With the aim of isolating a clonal population, GECI expressing parasites are first selected with drugs if they were transfected with plasmids containing known selectable marker genes like dihyrofolate reductase (DHFR) for pyrimethamine selection and chloramphenicol acetyl transferase for chloramphenicol selection. For GECI genes introduced into the UPRT locus, the pro-drug 5’-fluo-2’-deoxyuridine (FUDR) is used for selection. After selection, drug resistant parasites are serially diluted in 96-well plates and allowed to grow for 6–7 days. Wells with one small plaque are selected for further analysis. When using plasmids devoid of selectable markers, parasites are sorted and enriched by FACS. In this case, parasites can be FACS sorted two independent times to obtain single clones of GECI expressing parasites. Following electroporation, parasites are dispensed into a small T25 flask previously prepared with confluent fibroblasts and allowed to grow until they lyse out. The first FACS sorting can be done with the parasites released from this culture, producing approximately 500–5000 parasites likely expressing the GECI gene. This enriched population is dispensed into a new T25 flask and allowed to grow until parasites egress naturally. These parasites can be subjected to a second (and third) round of FACS sorting. In the second sorting, parasites are categorized in weak, medium or strong expression of the GECI gene. We typically use parasites with a medium level of GECI expression, because highly fluorescent parasites will likely have higher fluorescence background resulting in a lower functional dynamic range of the GECI fluorescence. After this final FACS sorting, the desired enriched population is diluted into a 96 well plate at 1 parasite/well in order to obtain single clones. It is possible to express GECIs (GCaMPs or GECOs) at specific compartments like the cytosol (Figure 1A), mitochondria (Fig. 1A), apicoplast (not shown) or the parasitophorous vacuole (Figure 1B–C) by using specific targeting signals like the mitochondrial targeting signal of the superoxide dismutase [21], the apicoplast targeting signal of the ferredoxin oxidoreductase [28, 29] and the vector ptub_SAG1-IE_ GECI_dhfr_sag1CATsag1 for PV labeling [18]. Transfection, selection and sub-cloning is done as described above and these clones expressing rGECO or GCaMP6 in the PV (Fig. 1B–C) are further characterized for their egress phenotype as described below.

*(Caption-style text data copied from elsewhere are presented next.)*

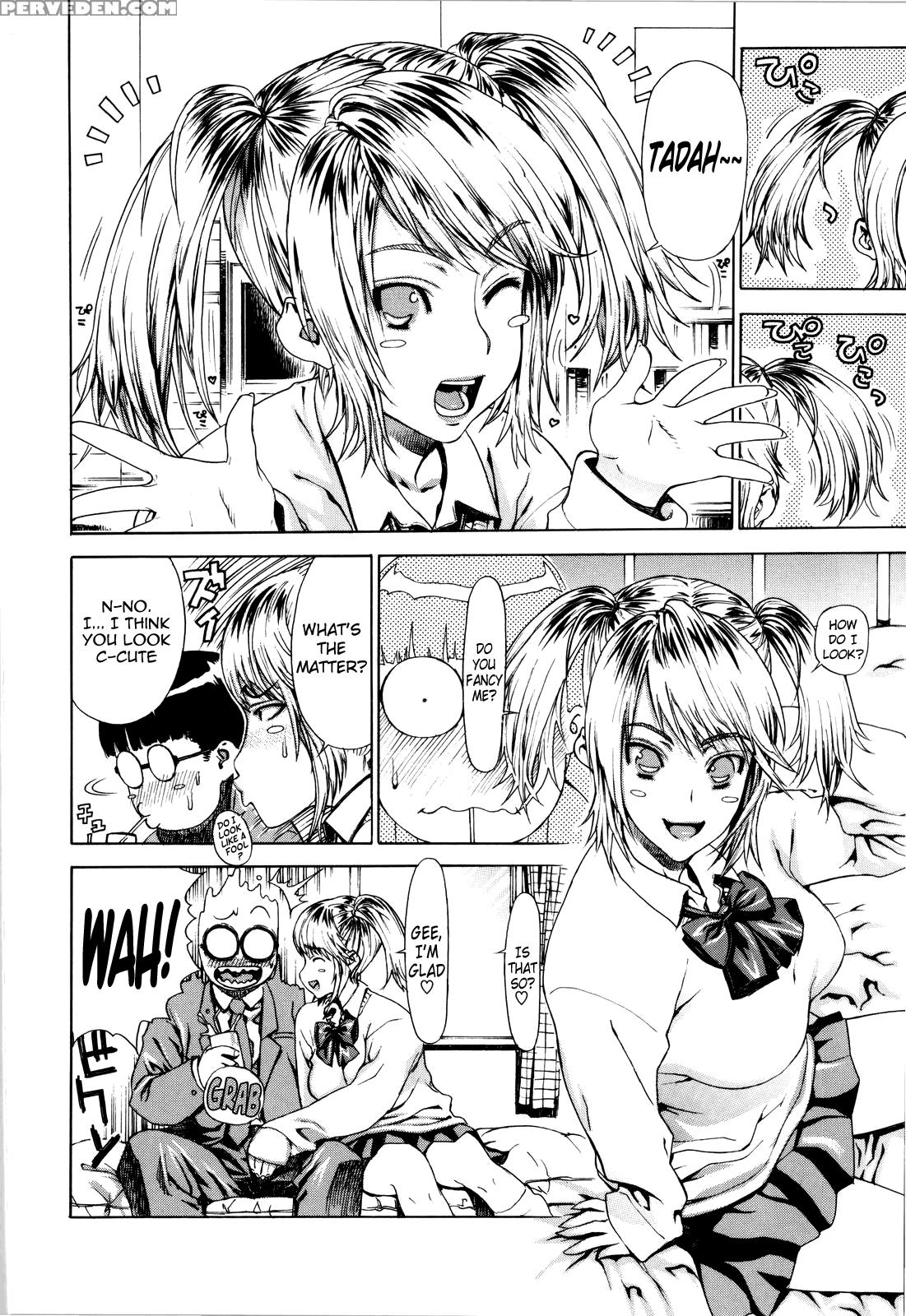 Futari Yome 1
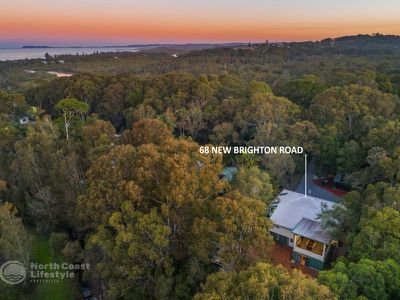 68 New Brighton Road, New Brighton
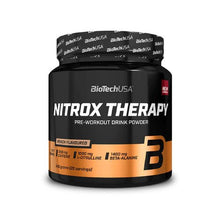 Nitrox Therapy, Peach - 340g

3.3. Selecting an isolate with ideal fluorescence properties (Note 2)

We usually analyze 10–12 clones for their responses to ionophores, inhibitors and extracellular calcium. Figure 2A–B shows the characterization of 2 clones transfected with GCaMP6f and Figure 2C–D shows the characterization of two clones expressing GCaMP6s (see Table 1 for the characteristics of each indicator). GCaMP6s-expressing parasites show larger fluorescence increase in response to agonists and we attribute this to the slower Ca²⁺ dissociation kinetics of the indicator (compare the response of GCaMP6f to the response of clones 7 and 9 that express GCaMP6s in Fig. 2B).

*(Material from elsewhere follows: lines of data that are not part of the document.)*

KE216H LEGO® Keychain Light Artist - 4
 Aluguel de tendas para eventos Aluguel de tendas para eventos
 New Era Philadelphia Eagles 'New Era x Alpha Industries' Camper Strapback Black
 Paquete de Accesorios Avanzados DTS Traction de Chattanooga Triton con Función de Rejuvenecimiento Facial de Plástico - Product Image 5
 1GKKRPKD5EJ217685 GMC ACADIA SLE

Figure 2: Characterization of clones in a plate reader:

A suspension of 5 × 10⁶ tachyzoites/ml in Ringer’s buffer with 100 μM of EGTA is dispensed into each well of a 96 well plate after shaking for 3 min the fluorescence is measured. Reagents are added at 60 seconds (method 3.3). A, Fluorescence changes before and after the addition of the indicated reagents with two Toxoplasma clones (3 and 5). DMSO is used as a control. B, kinetic measurements for clones 3 and 5 showing changes in the fluorescence of GCamP6f in function of time. IO, ionomycin; TG, thapsigargin, Zap, zaprinast, Ca²⁺, extracellular Ca^2+, 1.8 mM. C, same experiment to the one presented in A with clones 7 and 9 that express GCamP6s and compare with the reference cell line expressing GCamp6f. D, kinetic measurements with clones 7 and 9. Same conditions as B.

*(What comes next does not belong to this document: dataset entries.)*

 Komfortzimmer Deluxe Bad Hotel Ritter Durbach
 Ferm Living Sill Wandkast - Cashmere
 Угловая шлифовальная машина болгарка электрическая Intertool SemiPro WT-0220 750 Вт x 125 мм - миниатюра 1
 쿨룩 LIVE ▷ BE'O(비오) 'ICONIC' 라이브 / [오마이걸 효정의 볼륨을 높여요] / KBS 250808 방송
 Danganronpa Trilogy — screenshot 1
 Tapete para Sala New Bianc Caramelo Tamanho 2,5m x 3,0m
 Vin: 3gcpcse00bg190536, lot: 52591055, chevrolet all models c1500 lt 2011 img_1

The procedure to select the fittest clone with maximum response is described:

1. Clonal lines are grown in flasks with confluent hTERT fibroblasts to yield approximately 5 × 10⁸ parasites. Tachyzoites are collected 48 h after infection and when the culture shows 70–80% host cell lysis. Parasites are gently scraped off, purified by filtration through an 8 μM nucleopore membrane and centrifuged at 706 g for 10 min. The parasites are washed twice and resuspended to a final concentration of 6 × 10⁷ parasites/ml in extracellular buffer: 155 mM NaCl, 3 mM KCl, 2 mM CaCl₂, 1 mM MgCl₂, 3 mM NaH₂PO₄, 10 mM Hepes, pH 7.3, and 10 mM glucose.

2. 100 μl of the parasite suspension prepared in 1 is dispensed into each well of a 96 well and 100 μM EGTA is added to each well to chelate extracellular Ca²⁺ (Note 3).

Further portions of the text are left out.